Anger is another strong feeling that many of us deal with during diagnosis, treatment, and life after cancer. The feeling of anger is as natural as that of being thirsty. Animals become angry when their territory is invaded and they feel threatened. We humans become angry for the same reasons, it signals us that our psychological and/or physical boundaries are being crossed. Cancer cells invade our bodies and change our lives. Of course, we feel anger. The emotion of anger is neither good or bad, it just is (like every emotion). However, learning to deal with it appropriately is important. Anger is energy and if not recognized, well be turned inward and cause depression. Other typical responses to anger are stomachaches, diarrhea, heart palpitations, shaking, crying, and emotional distancing.

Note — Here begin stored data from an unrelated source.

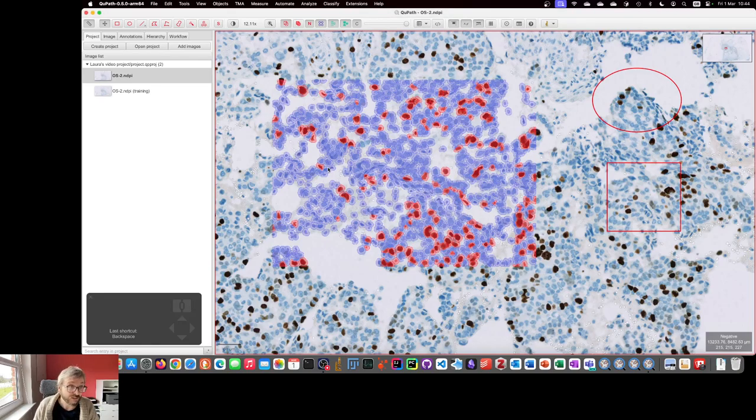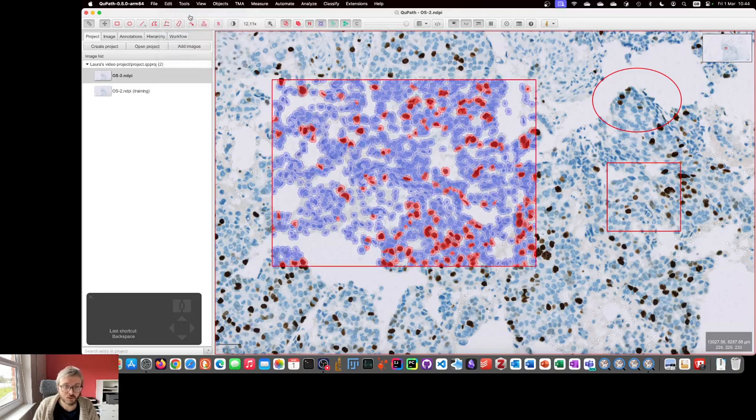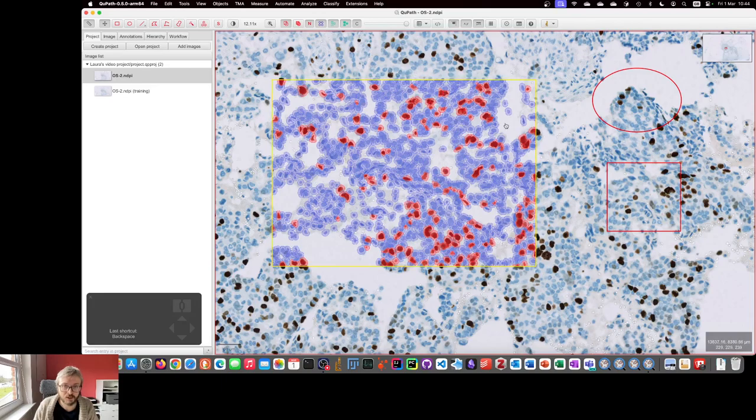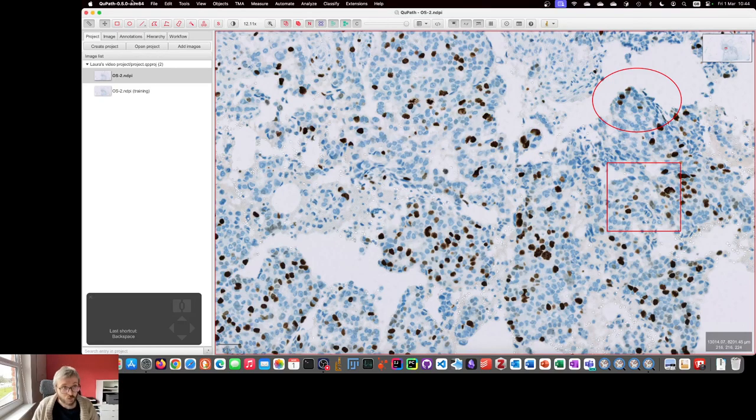So, the easiest way to resolve this is to go with Edit, Undo. I've Undo a couple of times, it's restored those. Undo again, and this says Restored. The outer annotation, Backspace, don't keep them, then they're gone.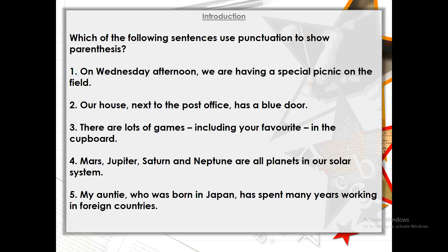We're going to begin with a little recap of yesterday to get our brains warming up again. Which of the following sentences use parentheses? Pause the video, read through the sentences, and highlight which ones use parentheses. The answers are the second, third, and fourth ones. The second uses commas around 'next to the post office' as extra information, the third uses dashes around 'your favourite game', and the fourth uses commas to describe the auntie — that she was born in Japan.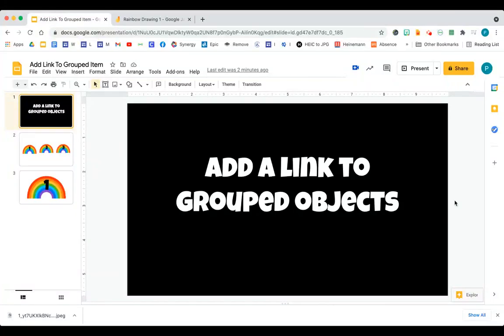Hello, everyone. Today, I'm going to show you how to add a link to objects that you've already grouped together. So if you don't know what I'm talking about, keep watching.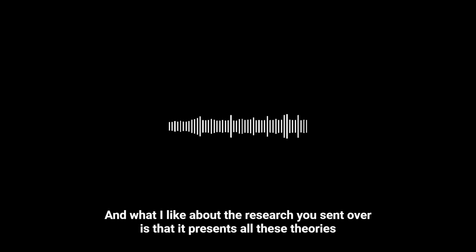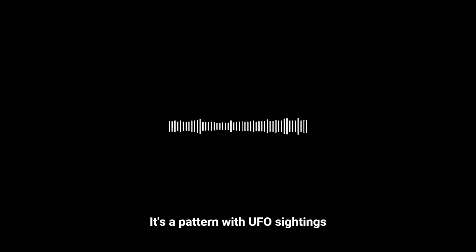It really is. And what I like about the research you sent over is that it presents all these theories, but it doesn't try to tell you what to believe. Yeah, which is really refreshing, honestly. No agenda, no one shouting about conspiracies. Just laying out the possibilities. But speaking of possibilities, you mentioned before that this whole car thing, the electrical stuff, it's a pattern with UFO sightings, right? Other cases have that too. Don't leave us hanging, tell us more about that.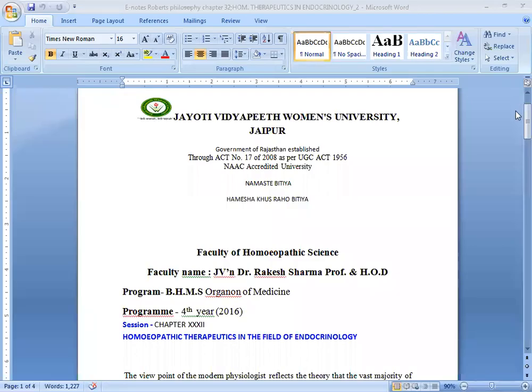Namaste, Hamesha Khush Raho Bitiya. This is JVN Dr. Rakesh Sharma, Professor, Department of Organon of Medicine and Homeopathic Philosophy, Jyoti Vidyapeeth Women's University, Jaipur.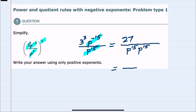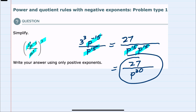And from here, I can simplify further. I have 27 in the numerator. In the denominator, p¹⁵ times p¹⁵ — when we multiply with the same base, we keep that base p and add the exponents: 15 plus 15 gives p³⁰. This is simplified as much as possible, and I have only positive exponents, so this would be our simplified expression. Thank you.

The first step in handling the anger is to recognize the feeling. Analyze exactly what it is about the situation that is causing your anger and release some of your internal anger energy. The important component for recognizing and analyzing your anger is that you can then deal with it appropriately without causing harm to yourself or lashing out at others. If you are physically able, exercise is helpful. Other methods are towel twisting or pounding on a pillow. And, of course, my favorite “go to” method is visualization and meditation. Visualize yourself doing something to release and be free of the anger. Keeping a journal where you can release the anger energy is another effective tool. Most importantly, if anger is absorbing your energy and controlling your life, surround yourself with supportive people in group and/or individual counseling while you are working on this difficult issue.

I leave you with a quote from Ralph Waldo Emerson: “What lies behind us and what lies before us are tiny matters compared to what lies within us.”